TLX250-CDx: Targeting CAIX in ccRCC
TLX250-CDx is an investigational PET agent that targets carbonic anhydrase IX (CAIX), a biomarker highly expressed in ccRCC. This targeted approach allows for enhanced detection of ccRCC, potentially improving the characterization of indeterminate renal masses and identifying sites of recurrent disease. Professor Shuch emphasized that metastatic ccRCC also expresses the CAIX biomarker, suggesting potential utility beyond localized ccRCC.

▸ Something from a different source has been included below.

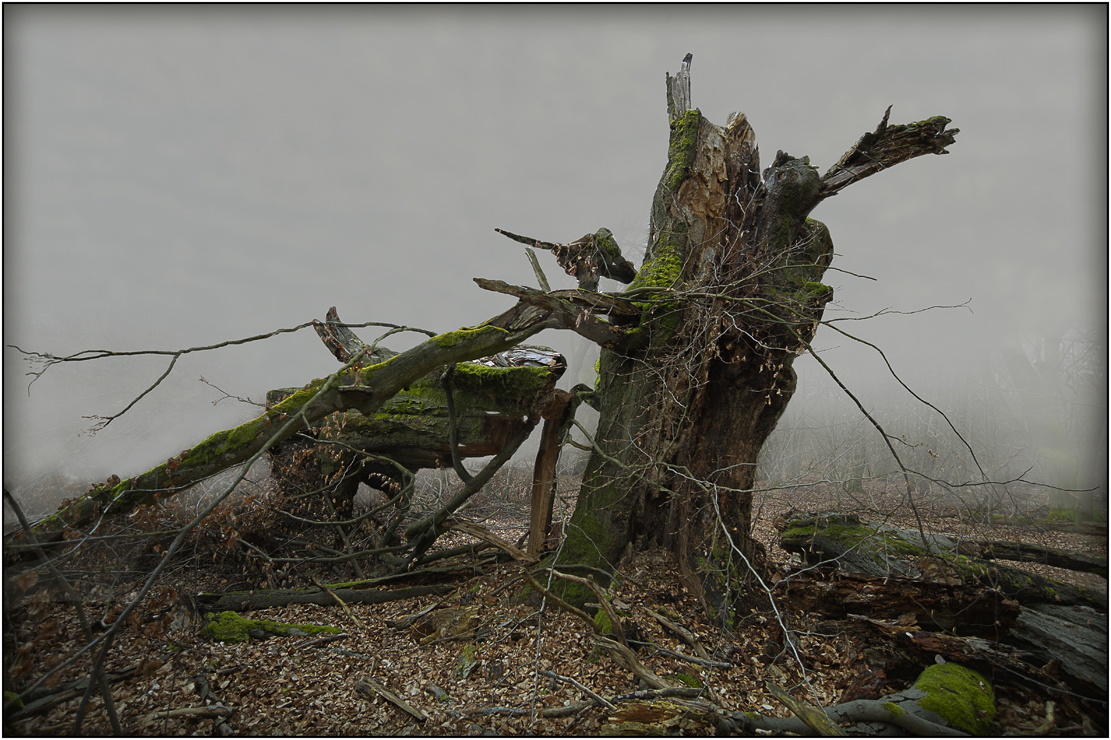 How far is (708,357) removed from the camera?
13.3 feet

Prior Clinical Evidence: ZIRCON Trial
Telix's pivotal Phase III ZIRCON trial (NCT03849118) demonstrated the accuracy of TLX250-CDx in diagnosing localized ccRCC. The trial, involving 300 patients, showed 86% sensitivity and 87% specificity, with a 93% positive-predictive value for ccRCC across three independent readers, as published in Lancet Oncology. These results indicate that TLX250-CDx can reliably detect the clear cell phenotype, providing a non-invasive method for diagnosing ccRCC.
Clinical Significance and Future Implications
Early and accurate detection of recurrent ccRCC is critical for improving patient outcomes. Associate Professor Jeremie Calais noted the limitations of conventional imaging in staging patients and expressed hope that TLX250-CDx will improve patient outcomes by identifying recurrent ccRCC outside of the kidney. Dr. David N. Cade, Chief Medical Officer at Telix, highlighted that the CA-NINE trial supports potential label expansion for TLX250-CDx into recurrent, metastatic disease, addressing a significant unmet medical need in kidney cancer.
Regulatory Status and Access Programs
Telix is seeking approval for TLX250-CDx in the United States for characterizing indeterminate renal masses suspicious of ccRCC. While the FDA issued a complete response letter citing manufacturing concerns, Telix is working to resubmit the BLA. In the meantime, Telix continues to offer access to TLX250-CDx through expanded access programs in the U.S., named patient programs in Europe, and special access schemes in Australia.